# All around the world avec Shero



## Shero (Sep 16, 2021)

A dear departed friend whose name I will not mention out of respect said: “Travel changes you. As you move through this life and this world, you change things slightly, you leave marks behind, however small. And in return, life and travel, leaves marks on you.”

For me, travel is my life. Luckily I have a soul mate who shares my passion. We laugh together, we share same values, we trust each other implicitement.
Sounds perfect hah? Non, we also fight and but make up most enthusiastically!

I thought it might be interesting to post some music, and traditions from places I have visited. Nothing in great detail only a petit coup d'œil. So I will start with my land of birth: Hawaii.


----------



## Shero (Sep 16, 2021)

Native Hawaiians came to the Hawaiian Islands, where they lived for many centuries, carrying on the cultural traditions they brought with them. Many Native Hawaiian customs have been protected and are still practiced today and include the honi ihu, or the touching of noses : the Hula a complex artform performed for religious purposes, unlike a lot of hula performed today, hula wasn’t meant to be a spectacle, and was often performed privately: then there is the lei made out of flowers, bird feathers, shells, seeds, hair or ivory, the lei (garland or wreath) has become a symbol of Hawaii that most people know.






I love Hawaiian food of course, here is a link to some of the delectable dishes from Kauai. Two of my favourites are Huli Huli chicken and Malasadas.

https://www.aliikairesort.com/12-great-local-kauai-dishes/






me ke aloha mai hawaii


----------



## MrPants (Oct 2, 2021)

Only been to Hawaii once for about a week or so maybe 6-7 years ago. Loved it of course  
Kauai was my fav. Island. Getting up close & personal with the Napoli coast in a small boat is as close to a religious experience one can have without going to church  I don't think I have ever been to a place where simply everything was different from anything I had ever seen. Trees, plants; everything was just so different in small ways. The food I never really had a chance to have any what I would call authentic dishes. Mostly stuff prepared for the tourist trade.


----------



## bowmore (Oct 2, 2021)

“The world is a book, and those who do not travel read only one page.”


----------



## Shero (Oct 5, 2021)

Thank you for loving Kauai Mr Pants  hope you get to enjoy more of the traditional food of Kauai on maybe anther visit in the future


----------



## Shero (Oct 5, 2021)

I enjoyed a childhood of dreams on Kauai. My ancestors came from Lyon and it is where I had most of my schooling at a French Catholic school. Very strict but kind.

A little bit of history of Lyon. Lyon is a very old city and it is believed been occupied for the last 40,000 years. Stay a while and let this charming Englishman take you on a tour of the old city and the new city of Lyon.

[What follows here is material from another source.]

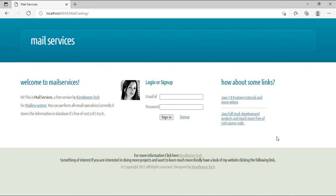Now I am introducing another Java project that is Mail Services. It is a simple Java project and best practice for beginners.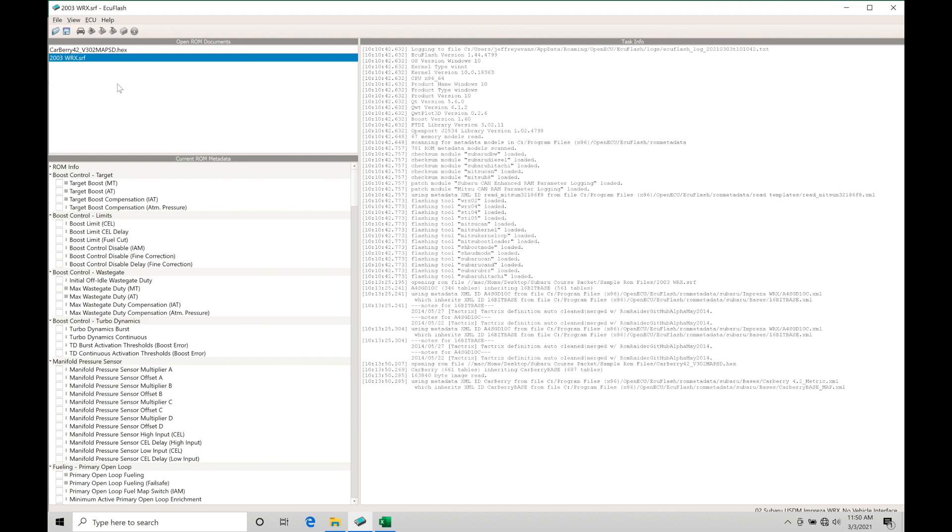As we'll talk about here in this training tutorial, we can tune based on the map sensor rather than the mass airflow or MAF sensor as we find Subaru has intended everything to work. So there's going to be some fundamental concepts and differences here that I want to go over to make sure you understand what you're getting into and why you want to choose one style of tuning over the other.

Above all, Lyon is famous for its gastronomy: it has been named “The Gastronomic Capital of the World” since 1935! The city has 22 Michelin star restaurants, including the famous Paul Bocuse restaurant (which I love) as well as many traditional eating houses called “Bouchons Lyonnais”.

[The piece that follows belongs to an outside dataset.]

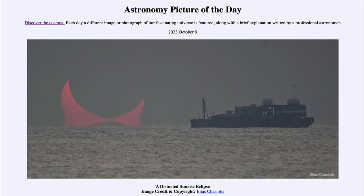So that was our picture of the day for October 9th of 2023, titled 'A Distorted Sunrise Eclipse.' We'll be back again tomorrow for the next picture, previewed to be 'Hidden in Orion.' We'll see what that's about tomorrow, and until then have a great day everyone and I will see you in class.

Lyon cuisine owes much to the women known as the Mères Lyonnaises. Originally cooks for influential bourgeois families, these talented females, set up in business in their own right in the early 20th century. They provided an opportunity for everyone to discover simple, cooking.

A little about the very important and poplar Bouchons here:






I cannot speak about cooking in Lyon without mention of Paul Bocuse, one of Lyon’s treasures. Mr Bocuse’s philosophy for food is to keep it “simple, sophisticated, subtle and adventurous.”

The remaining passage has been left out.